WORK TASK> When you reach the line containing "Leather coat" in the data below, reproduce it and every line that follows, exactly and without additions.

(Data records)
----

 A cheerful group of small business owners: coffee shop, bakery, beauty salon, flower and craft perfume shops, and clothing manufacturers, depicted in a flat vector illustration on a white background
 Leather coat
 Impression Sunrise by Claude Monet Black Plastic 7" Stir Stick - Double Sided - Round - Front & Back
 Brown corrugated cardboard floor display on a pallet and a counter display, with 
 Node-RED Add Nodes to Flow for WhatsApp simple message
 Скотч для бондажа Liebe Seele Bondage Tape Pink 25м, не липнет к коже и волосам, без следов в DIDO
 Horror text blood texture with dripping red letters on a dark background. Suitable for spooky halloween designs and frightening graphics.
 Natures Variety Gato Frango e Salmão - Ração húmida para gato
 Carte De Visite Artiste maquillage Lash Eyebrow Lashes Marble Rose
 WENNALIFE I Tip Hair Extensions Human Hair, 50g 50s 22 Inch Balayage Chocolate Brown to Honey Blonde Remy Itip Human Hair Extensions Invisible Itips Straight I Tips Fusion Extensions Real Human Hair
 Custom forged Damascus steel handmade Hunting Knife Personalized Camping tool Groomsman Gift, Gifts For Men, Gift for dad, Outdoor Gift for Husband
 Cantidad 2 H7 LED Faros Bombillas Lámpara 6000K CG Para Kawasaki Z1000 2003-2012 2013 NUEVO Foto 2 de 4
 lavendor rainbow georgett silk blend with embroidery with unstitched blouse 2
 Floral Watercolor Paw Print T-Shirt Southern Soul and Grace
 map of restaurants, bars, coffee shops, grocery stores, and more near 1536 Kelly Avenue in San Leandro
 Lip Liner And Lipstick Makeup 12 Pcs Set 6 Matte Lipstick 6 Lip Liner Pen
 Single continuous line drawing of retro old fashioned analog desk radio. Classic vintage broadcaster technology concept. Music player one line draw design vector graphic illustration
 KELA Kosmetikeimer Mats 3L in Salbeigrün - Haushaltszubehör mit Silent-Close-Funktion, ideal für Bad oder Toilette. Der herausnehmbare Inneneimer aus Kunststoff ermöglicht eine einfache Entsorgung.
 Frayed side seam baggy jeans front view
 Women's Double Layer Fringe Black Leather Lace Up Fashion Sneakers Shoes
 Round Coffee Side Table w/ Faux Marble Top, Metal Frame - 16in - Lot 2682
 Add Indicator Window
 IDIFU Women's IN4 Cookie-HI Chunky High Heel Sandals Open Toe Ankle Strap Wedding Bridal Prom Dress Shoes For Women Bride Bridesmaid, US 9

----

EXPECTED OUTPUT>
 Leather coat
 Impression Sunrise by Claude Monet Black Plastic 7" Stir Stick - Double Sided - Round - Front & Back
 Brown corrugated cardboard floor display on a pallet and a counter display, with 
 Node-RED Add Nodes to Flow for WhatsApp simple message
 Скотч для бондажа Liebe Seele Bondage Tape Pink 25м, не липнет к коже и волосам, без следов в DIDO
 Horror text blood texture with dripping red letters on a dark background. Suitable for spooky halloween designs and frightening graphics.
 Natures Variety Gato Frango e Salmão - Ração húmida para gato
 Carte De Visite Artiste maquillage Lash Eyebrow Lashes Marble Rose
 WENNALIFE I Tip Hair Extensions Human Hair, 50g 50s 22 Inch Balayage Chocolate Brown to Honey Blonde Remy Itip Human Hair Extensions Invisible Itips Straight I Tips Fusion Extensions Real Human Hair
 Custom forged Damascus steel handmade Hunting Knife Personalized Camping tool Groomsman Gift, Gifts For Men, Gift for dad, Outdoor Gift for Husband
 Cantidad 2 H7 LED Faros Bombillas Lámpara 6000K CG Para Kawasaki Z1000 2003-2012 2013 NUEVO Foto 2 de 4
 lavendor rainbow georgett silk blend with embroidery with unstitched blouse 2
 Floral Watercolor Paw Print T-Shirt Southern Soul and Grace
 map of restaurants, bars, coffee shops, grocery stores, and more near 1536 Kelly Avenue in San Leandro
 Lip Liner And Lipstick Makeup 12 Pcs Set 6 Matte Lipstick 6 Lip Liner Pen
 Single continuous line drawing of retro old fashioned analog desk radio. Classic vintage broadcaster technology concept. Music player one line draw design vector graphic illustration
 KELA Kosmetikeimer Mats 3L in Salbeigrün - Haushaltszubehör mit Silent-Close-Funktion, ideal für Bad oder Toilette. Der herausnehmbare Inneneimer aus Kunststoff ermöglicht eine einfache Entsorgung.
 Frayed side seam baggy jeans front view
 Women's Double Layer Fringe Black Leather Lace Up Fashion Sneakers Shoes
 Round Coffee Side Table w/ Faux Marble Top, Metal Frame - 16in - Lot 2682
 Add Indicator Window
 IDIFU Women's IN4 Cookie-HI Chunky High Heel Sandals Open Toe Ankle Strap Wedding Bridal Prom Dress Shoes For Women Bride Bridesmaid, US 9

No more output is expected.